# What you have to do
Your answer must be the exact lines from the one holding "And finally moving" through the last line of the records below, with no pictures.
++++ Records for the exercise ++++
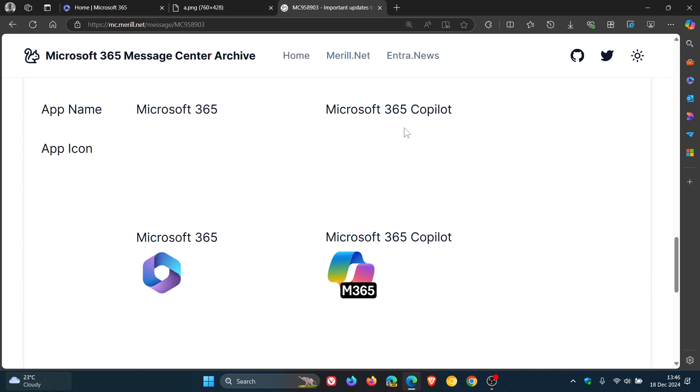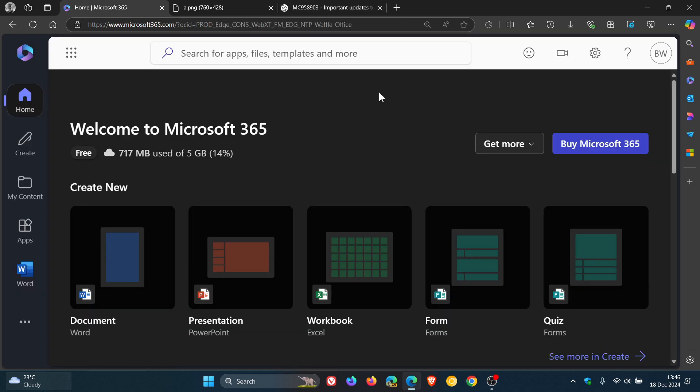And here's the app icon currently, Microsoft 365, which is going to be changed to Microsoft 365 Copilot. So thanks for watching, and I'll see you guys in the next one.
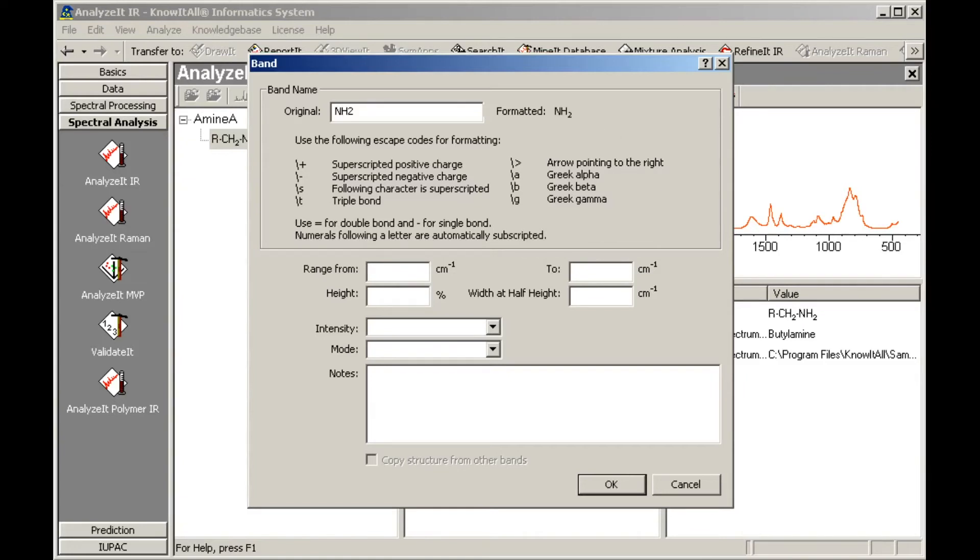Type in values for the range, height, and width at half height. Note that if the range is too narrow, the peak may be missed. Using a broader range than the spectral peak may give better results.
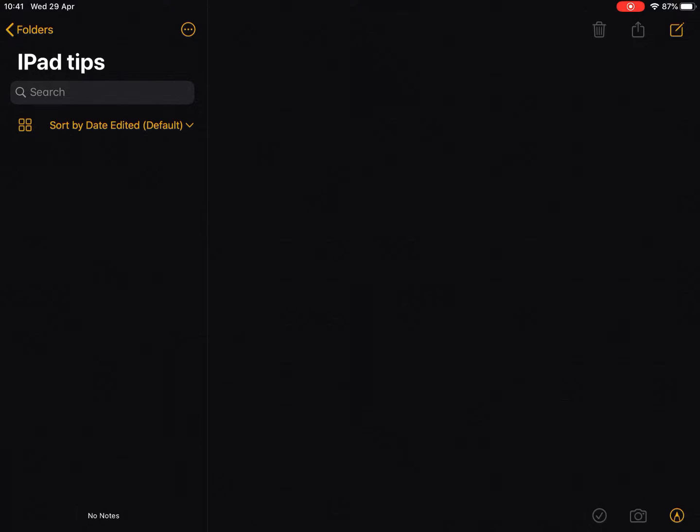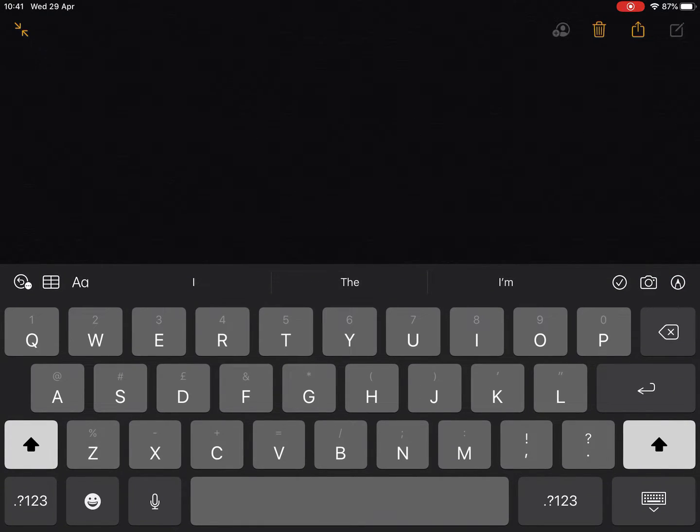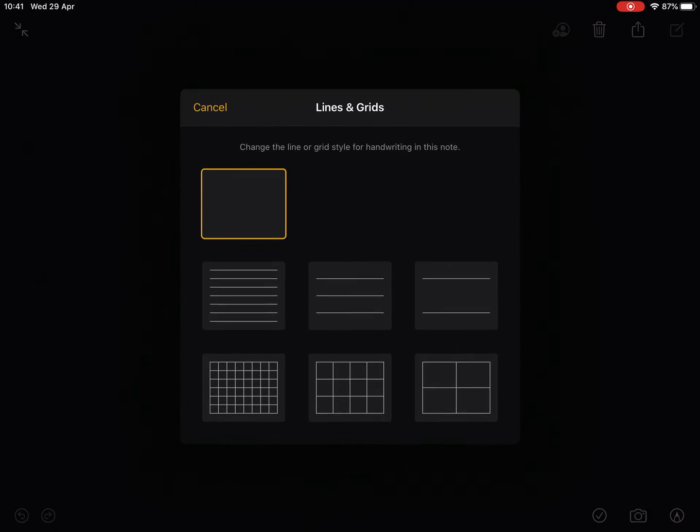So very simply, as I start a new note and tap on the new note icon in the top right, and then I tap on the share icon, I get the option to add in lines and grids. Tap on that, and I have a choice of lines and grids that I can choose from.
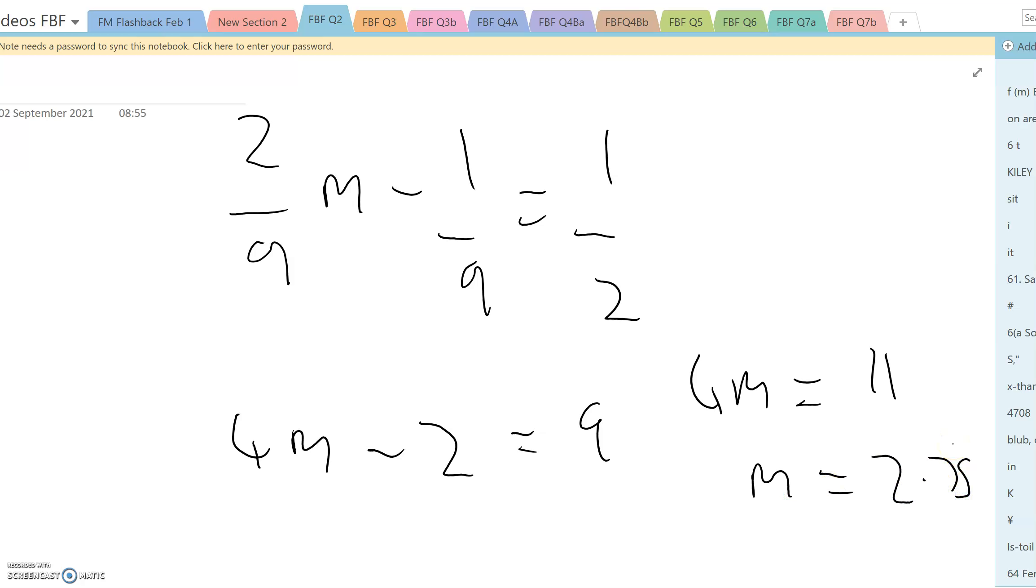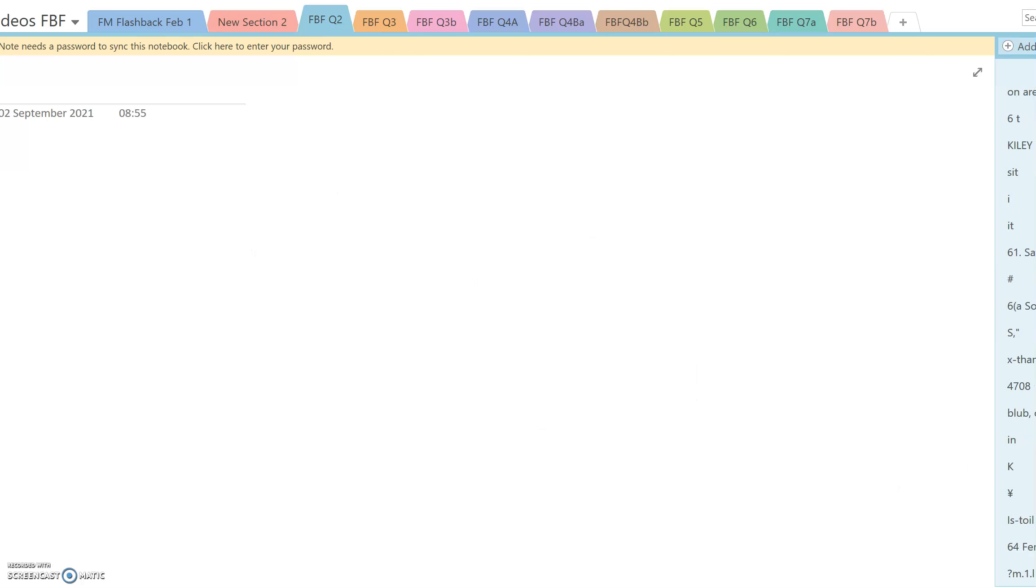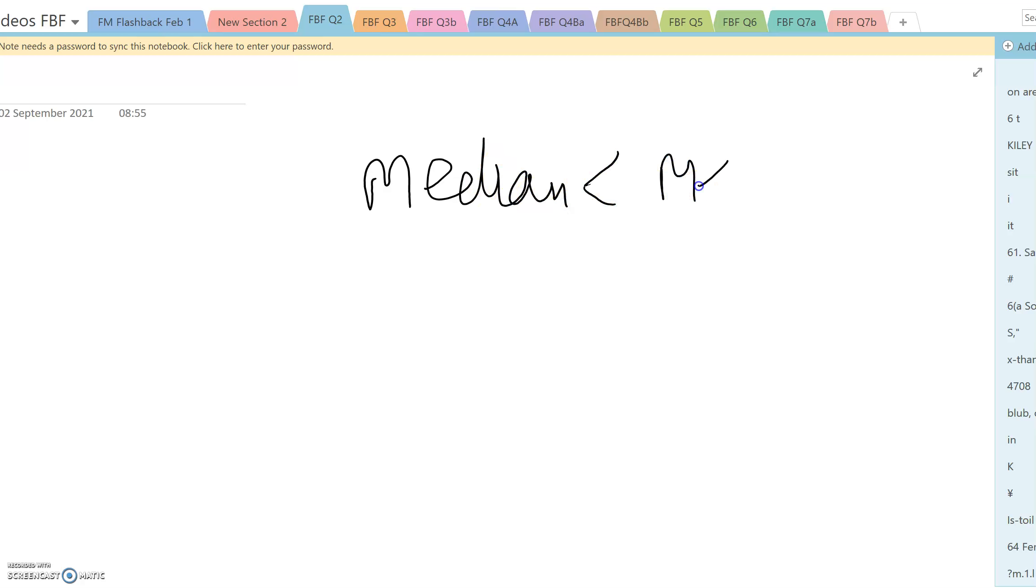And finally moving on to Part D, we've already established that the median is less than the mean. And the median is always the middle of the three. So that means the mode is smaller still. And a small mode means it's a positive skew.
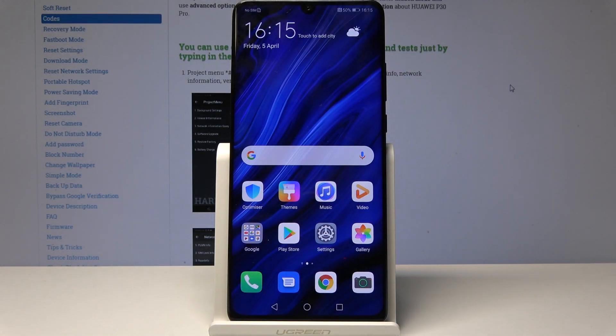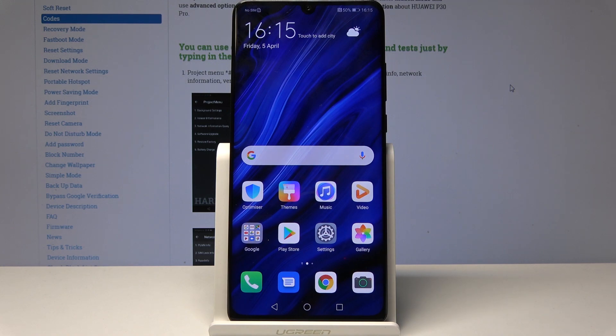Welcome. In front of me is a Huawei P30 Pro and I'll show you how to access fastboot mode.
++++
# Exercise response
And finally moving on to Part D, we've already established that the median is less than the mean. And the median is always the middle of the three. So that means the mode is smaller still. And a small mode means it's a positive skew.
Welcome. In front of me is a Huawei P30 Pro and I'll show you how to access fastboot mode.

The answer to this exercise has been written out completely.